The approches discussed above are extensions of the linear regression model for a single predictor by introducing more flexbility into the models. This idea can be extended for $p$ predictors in the framework of Generalized Additive Models. These are applicable for both classification and regression.

\begin{align} \hat{y}_{i} &= \beta_{0} + \sum_{j=1}^{p} \beta_{j} x_{ij} \quad \text{Linear Rgerssion}\newline \hat{y}_{i} &= \beta_{0} + \sum_{j=1}^{p} f_{j}(x_{ij}) \quad \text{Generalized Additive Models} \end{align} where $f_{i}(x)$ are non-linear smooth functions applied to each of the predictors separately.

Each of the functions above can be fit using all of the sections defined above. For example, some of the predictors can be smooth splines, some can be just dummy variables, and some can be polynomials. Thus, we expand from $p$ predictors to a multitude of them, where we can choose a different expansion method for each of them individually. We have combined individual simple linear regression models into a general framework for $p$ predictors.

Separate non-linear functions for three different variables. y-axis is the response. Left two plots are amoothing splines with different degrees of freedom. Right plot is dummy variables (one hot encoded).
Separate non-linear functions for three different variables. y-axis is the response. Left two plots are amoothing splines with different degrees of freedom. Right plot is dummy variables (one hot encoded).

Fitting smoothing splines is not trivial as the loss function is not simple least squares. However, softwares can still fit using partial residuals. We repeatedly update the fit for a single predictor, keeping the others constant.

Summarizing,

  • GAMs allow us to fit a non-linear $f_{j}$ to each $X_{j}$, so that we can automatically model non-linear relationships that standard linear regression will miss. This means that we do not need to manually try out many different transformations on each variable individually.

  • The non-linear fits can potentially make more accurate predictions for the response $Y$ .

  • Because the model is additive, we can still examine the effect of each $X_{j}$ on $Y$ individually while holding all of the other variables fixed. Hence if we are interested in inference, GAMs provide a useful representation.

  • The smoothness of the function fj for the variable Xj can be summarized via degrees of freedom.

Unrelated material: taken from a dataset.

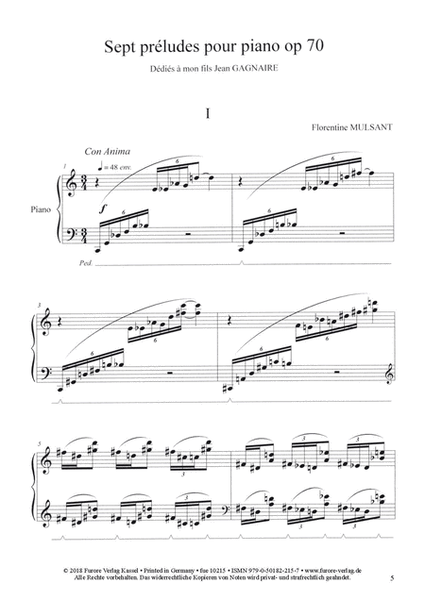 Sept Preludes pour piano op. 70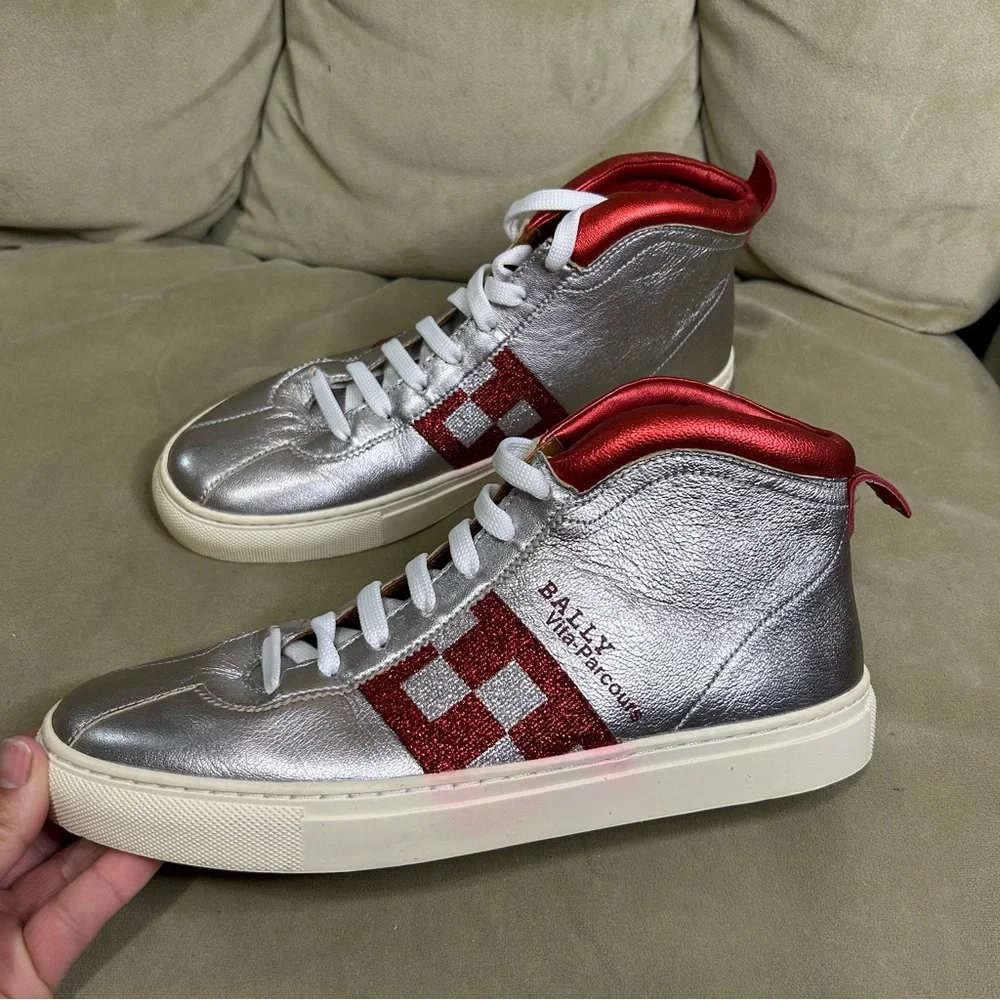 BALLY vita Parcours high top trainer sneakers 8.5 - Picture 4 of 13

  • The main limitation of GAMs is that the model is restricted to be additive. With many variables, important interactions can be missed. However, as with linear regression, we can manually add interaction terms to the GAM model by including additional predictors of the form $X_{j} \times X_{k}$. In addition we can add low-dimensional interaction functions of the form $f_{jk}(X_{j}, X_{k})$ into the model; such terms can be fit using two-dimensional smoothers such as local regression, or two-dimensional splines.